══ Data

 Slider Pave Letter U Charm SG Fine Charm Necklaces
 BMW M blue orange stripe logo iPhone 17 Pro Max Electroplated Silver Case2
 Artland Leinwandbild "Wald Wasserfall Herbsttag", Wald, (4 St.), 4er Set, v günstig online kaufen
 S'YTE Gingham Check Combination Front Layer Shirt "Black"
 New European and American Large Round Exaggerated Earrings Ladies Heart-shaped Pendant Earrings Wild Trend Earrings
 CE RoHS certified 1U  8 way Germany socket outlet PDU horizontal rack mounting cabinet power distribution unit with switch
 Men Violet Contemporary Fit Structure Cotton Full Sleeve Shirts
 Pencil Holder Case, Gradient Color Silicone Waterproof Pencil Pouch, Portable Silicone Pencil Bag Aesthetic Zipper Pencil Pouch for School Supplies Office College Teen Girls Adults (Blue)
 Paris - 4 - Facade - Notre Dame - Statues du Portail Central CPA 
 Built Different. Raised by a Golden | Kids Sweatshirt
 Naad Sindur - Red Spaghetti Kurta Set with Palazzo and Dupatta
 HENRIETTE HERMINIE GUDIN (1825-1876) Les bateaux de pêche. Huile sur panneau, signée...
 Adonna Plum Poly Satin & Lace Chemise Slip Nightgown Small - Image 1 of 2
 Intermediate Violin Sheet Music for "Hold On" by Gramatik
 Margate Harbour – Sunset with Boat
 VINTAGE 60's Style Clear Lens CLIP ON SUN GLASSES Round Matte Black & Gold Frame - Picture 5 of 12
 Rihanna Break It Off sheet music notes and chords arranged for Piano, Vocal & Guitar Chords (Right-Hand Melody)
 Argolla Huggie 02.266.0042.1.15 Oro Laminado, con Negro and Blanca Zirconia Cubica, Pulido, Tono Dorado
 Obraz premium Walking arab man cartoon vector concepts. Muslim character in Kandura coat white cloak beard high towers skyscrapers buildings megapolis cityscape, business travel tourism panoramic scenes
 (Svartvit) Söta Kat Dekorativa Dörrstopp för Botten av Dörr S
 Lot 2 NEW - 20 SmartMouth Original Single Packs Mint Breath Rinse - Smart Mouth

════

→ **Required action**:
Please provide an exact transcription of each line from the one holding "Obraz premium Walking" through the final line of the data above.

→ **The answer**:
 Obraz premium Walking arab man cartoon vector concepts. Muslim character in Kandura coat white cloak beard high towers skyscrapers buildings megapolis cityscape, business travel tourism panoramic scenes
 (Svartvit) Söta Kat Dekorativa Dörrstopp för Botten av Dörr S
 Lot 2 NEW - 20 SmartMouth Original Single Packs Mint Breath Rinse - Smart Mouth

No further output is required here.